The flow of control switches from the user interface to the ScrumBacklog class as soon as a task is added to the backlog. At this time, the task enters the BacklogState, where it will be assigned a unique identification number and wait in queue for an owner. From this state, the Task can either transition to the OwnedState once selected by a user, or transition to RejectState if the project lies outside of the team’s scope. From the OwnedState, a Task will transition to the ProcessState once the owner begins work on the task. Otherwise, the owner can place the Task back into the BacklogState - for queue - or into the RejectState. From ProcessState, the Task can transition to VerifyState, where a Task must wait in queue for verification from a team member, before either being sent back into ProcessState for improvement, or sent to the DoneState. At the DoneState, a task has the ability to transition back into the ProcessState or back into the BacklogState. Any Task that has been marked for rejection will fall under the RejectState class control. If rejected, the Task will either remain listed as rejected or be sent back into the backlog, where the BacklogState class will dictate control over progression.
Again, these states can be reached via three basic approaches of task handling: progressing backwards, progressing forwards, or rejection.
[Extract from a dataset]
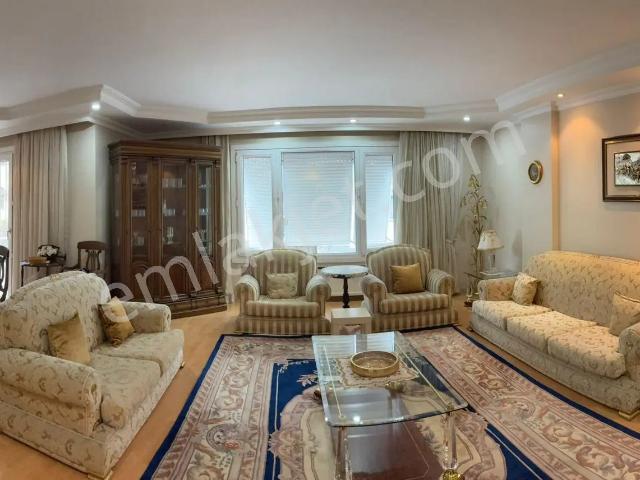 Sahibinden Florya Şenlikköy Cad. 2.bina | 180m² 3+1 | Arakat | Otoparklı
Therefore, as dictated by the abstract State class, backlogTask(), processTask(), and rejectTask() are implemented as needed, respectfully. The main difference between classes of the proposed State Pattern design is with how each independently defines the local processTask(). For example, if a task is within the BacklogState, then processTask() is used to transition into the OwnedState by setting the task’s state label, logging the note label, and setting the task’s owner label. Yet, the definition of VerifyState.processTask() has the additional behavior of assigning the verifier’s id. These differences are what control the flow of a Task’s progression through ScrumBacklog and are essentially what differentiates one State from another.
There is a slight limitation with the proposed design, as well as, several constraints placed upon the system. However, these limitations were taken into consideration and will not significantly impact the overall functionality of the program. Additionally, constraints are present and/or implemented to conform to requirements requested by the client.
The first limitation of this design is with the implementation of ScrumBacklog If at any time in the future the client needs another state transition added, then it must be hard coded and housed within the ScrumBacklog class. Additionally, this class already has 8 nested classes, making both the file size and file readability less than ideal. Furthermore, having such a large overhead of code within one class places a significant burden of on the Runner thread. If stressed too much, the program or system running the program can become unresponsive or crash.
In terms of constraints, this design does not allow for a Task to be removed once placed into the backlog. A task can go into the RejectState, but cannot be deleted entirely from the backlog. This could also be considered a limitation, but it is behavior specifically requested by the client. Additionally, this design constrains the ownership of a task by allowing only one assignment to the task owner. Lastly, this design constrains task progression by requiring verification before proceeding to the DoneState. However, doing so is beneficial and leads to an overall increase in code reliability.